EXERCISE GOAL:
Print out the records in full, keeping each word unchanged.

GIVEN INFORMATION:
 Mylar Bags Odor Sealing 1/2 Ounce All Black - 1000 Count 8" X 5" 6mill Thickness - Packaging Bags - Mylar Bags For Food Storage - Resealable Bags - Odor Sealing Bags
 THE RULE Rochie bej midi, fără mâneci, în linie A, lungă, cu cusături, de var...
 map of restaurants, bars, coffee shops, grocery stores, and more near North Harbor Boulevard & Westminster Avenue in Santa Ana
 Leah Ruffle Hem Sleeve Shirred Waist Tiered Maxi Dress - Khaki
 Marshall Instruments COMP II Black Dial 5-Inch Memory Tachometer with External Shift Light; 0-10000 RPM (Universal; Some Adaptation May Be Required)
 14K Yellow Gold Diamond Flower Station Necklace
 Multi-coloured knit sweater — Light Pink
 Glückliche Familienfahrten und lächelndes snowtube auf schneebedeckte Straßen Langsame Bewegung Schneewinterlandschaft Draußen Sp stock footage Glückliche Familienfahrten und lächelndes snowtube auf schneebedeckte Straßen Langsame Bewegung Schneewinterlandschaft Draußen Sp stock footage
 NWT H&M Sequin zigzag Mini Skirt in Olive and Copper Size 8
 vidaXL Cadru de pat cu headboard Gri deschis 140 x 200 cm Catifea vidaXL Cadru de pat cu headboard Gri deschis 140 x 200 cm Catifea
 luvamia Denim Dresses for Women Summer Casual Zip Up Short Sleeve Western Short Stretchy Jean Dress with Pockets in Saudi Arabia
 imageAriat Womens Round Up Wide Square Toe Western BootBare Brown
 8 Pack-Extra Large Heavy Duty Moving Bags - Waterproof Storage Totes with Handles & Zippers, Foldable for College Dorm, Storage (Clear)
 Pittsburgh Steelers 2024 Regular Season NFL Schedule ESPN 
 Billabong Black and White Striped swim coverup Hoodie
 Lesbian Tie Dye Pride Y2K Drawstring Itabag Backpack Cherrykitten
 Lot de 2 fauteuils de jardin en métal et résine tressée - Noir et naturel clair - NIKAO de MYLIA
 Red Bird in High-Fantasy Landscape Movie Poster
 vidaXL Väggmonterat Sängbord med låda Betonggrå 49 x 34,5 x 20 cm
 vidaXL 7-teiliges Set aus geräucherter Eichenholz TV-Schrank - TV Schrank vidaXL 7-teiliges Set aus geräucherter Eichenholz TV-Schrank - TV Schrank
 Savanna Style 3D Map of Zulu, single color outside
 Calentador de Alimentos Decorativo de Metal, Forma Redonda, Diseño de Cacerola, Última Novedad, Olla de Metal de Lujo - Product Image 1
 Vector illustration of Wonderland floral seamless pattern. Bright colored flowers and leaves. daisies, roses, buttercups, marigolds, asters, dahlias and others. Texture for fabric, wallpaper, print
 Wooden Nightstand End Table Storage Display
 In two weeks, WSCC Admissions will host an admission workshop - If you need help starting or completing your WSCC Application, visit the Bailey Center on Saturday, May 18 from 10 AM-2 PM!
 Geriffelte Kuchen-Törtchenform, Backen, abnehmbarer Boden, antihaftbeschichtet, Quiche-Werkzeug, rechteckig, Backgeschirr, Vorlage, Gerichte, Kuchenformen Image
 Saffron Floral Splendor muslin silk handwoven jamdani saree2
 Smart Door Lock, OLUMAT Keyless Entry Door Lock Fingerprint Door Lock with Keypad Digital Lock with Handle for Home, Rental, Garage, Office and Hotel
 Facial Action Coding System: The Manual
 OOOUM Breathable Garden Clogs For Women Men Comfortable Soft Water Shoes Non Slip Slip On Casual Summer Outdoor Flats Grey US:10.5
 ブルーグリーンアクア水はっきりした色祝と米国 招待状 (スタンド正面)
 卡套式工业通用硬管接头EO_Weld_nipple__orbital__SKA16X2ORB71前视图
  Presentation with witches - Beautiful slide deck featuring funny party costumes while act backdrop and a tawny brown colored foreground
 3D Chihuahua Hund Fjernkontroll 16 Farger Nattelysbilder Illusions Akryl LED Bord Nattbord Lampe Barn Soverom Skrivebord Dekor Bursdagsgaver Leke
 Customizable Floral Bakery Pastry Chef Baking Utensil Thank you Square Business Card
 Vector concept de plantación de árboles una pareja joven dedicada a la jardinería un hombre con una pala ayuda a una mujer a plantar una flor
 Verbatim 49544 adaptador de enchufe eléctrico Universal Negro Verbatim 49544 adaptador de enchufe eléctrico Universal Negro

RESPONSE AREA:
 Mylar Bags Odor Sealing 1/2 Ounce All Black - 1000 Count 8" X 5" 6mill Thickness - Packaging Bags - Mylar Bags For Food Storage - Resealable Bags - Odor Sealing Bags
 THE RULE Rochie bej midi, fără mâneci, în linie A, lungă, cu cusături, de var...
 map of restaurants, bars, coffee shops, grocery stores, and more near North Harbor Boulevard & Westminster Avenue in Santa Ana
 Leah Ruffle Hem Sleeve Shirred Waist Tiered Maxi Dress - Khaki
 Marshall Instruments COMP II Black Dial 5-Inch Memory Tachometer with External Shift Light; 0-10000 RPM (Universal; Some Adaptation May Be Required)
 14K Yellow Gold Diamond Flower Station Necklace
 Multi-coloured knit sweater — Light Pink
 Glückliche Familienfahrten und lächelndes snowtube auf schneebedeckte Straßen Langsame Bewegung Schneewinterlandschaft Draußen Sp stock footage Glückliche Familienfahrten und lächelndes snowtube auf schneebedeckte Straßen Langsame Bewegung Schneewinterlandschaft Draußen Sp stock footage
 NWT H&M Sequin zigzag Mini Skirt in Olive and Copper Size 8
 vidaXL Cadru de pat cu headboard Gri deschis 140 x 200 cm Catifea vidaXL Cadru de pat cu headboard Gri deschis 140 x 200 cm Catifea
 luvamia Denim Dresses for Women Summer Casual Zip Up Short Sleeve Western Short Stretchy Jean Dress with Pockets in Saudi Arabia
 imageAriat Womens Round Up Wide Square Toe Western BootBare Brown
 8 Pack-Extra Large Heavy Duty Moving Bags - Waterproof Storage Totes with Handles & Zippers, Foldable for College Dorm, Storage (Clear)
 Pittsburgh Steelers 2024 Regular Season NFL Schedule ESPN 
 Billabong Black and White Striped swim coverup Hoodie
 Lesbian Tie Dye Pride Y2K Drawstring Itabag Backpack Cherrykitten
 Lot de 2 fauteuils de jardin en métal et résine tressée - Noir et naturel clair - NIKAO de MYLIA
 Red Bird in High-Fantasy Landscape Movie Poster
 vidaXL Väggmonterat Sängbord med låda Betonggrå 49 x 34,5 x 20 cm
 vidaXL 7-teiliges Set aus geräucherter Eichenholz TV-Schrank - TV Schrank vidaXL 7-teiliges Set aus geräucherter Eichenholz TV-Schrank - TV Schrank
 Savanna Style 3D Map of Zulu, single color outside
 Calentador de Alimentos Decorativo de Metal, Forma Redonda, Diseño de Cacerola, Última Novedad, Olla de Metal de Lujo - Product Image 1
 Vector illustration of Wonderland floral seamless pattern. Bright colored flowers and leaves. daisies, roses, buttercups, marigolds, asters, dahlias and others. Texture for fabric, wallpaper, print
 Wooden Nightstand End Table Storage Display
 In two weeks, WSCC Admissions will host an admission workshop - If you need help starting or completing your WSCC Application, visit the Bailey Center on Saturday, May 18 from 10 AM-2 PM!
 Geriffelte Kuchen-Törtchenform, Backen, abnehmbarer Boden, antihaftbeschichtet, Quiche-Werkzeug, rechteckig, Backgeschirr, Vorlage, Gerichte, Kuchenformen Image
 Saffron Floral Splendor muslin silk handwoven jamdani saree2
 Smart Door Lock, OLUMAT Keyless Entry Door Lock Fingerprint Door Lock with Keypad Digital Lock with Handle for Home, Rental, Garage, Office and Hotel
 Facial Action Coding System: The Manual
 OOOUM Breathable Garden Clogs For Women Men Comfortable Soft Water Shoes Non Slip Slip On Casual Summer Outdoor Flats Grey US:10.5
 ブルーグリーンアクア水はっきりした色祝と米国 招待状 (スタンド正面)
 卡套式工业通用硬管接头EO_Weld_nipple__orbital__SKA16X2ORB71前视图
  Presentation with witches - Beautiful slide deck featuring funny party costumes while act backdrop and a tawny brown colored foreground
 3D Chihuahua Hund Fjernkontroll 16 Farger Nattelysbilder Illusions Akryl LED Bord Nattbord Lampe Barn Soverom Skrivebord Dekor Bursdagsgaver Leke
 Customizable Floral Bakery Pastry Chef Baking Utensil Thank you Square Business Card
 Vector concept de plantación de árboles una pareja joven dedicada a la jardinería un hombre con una pala ayuda a una mujer a plantar una flor
 Verbatim 49544 adaptador de enchufe eléctrico Universal Negro Verbatim 49544 adaptador de enchufe eléctrico Universal Negro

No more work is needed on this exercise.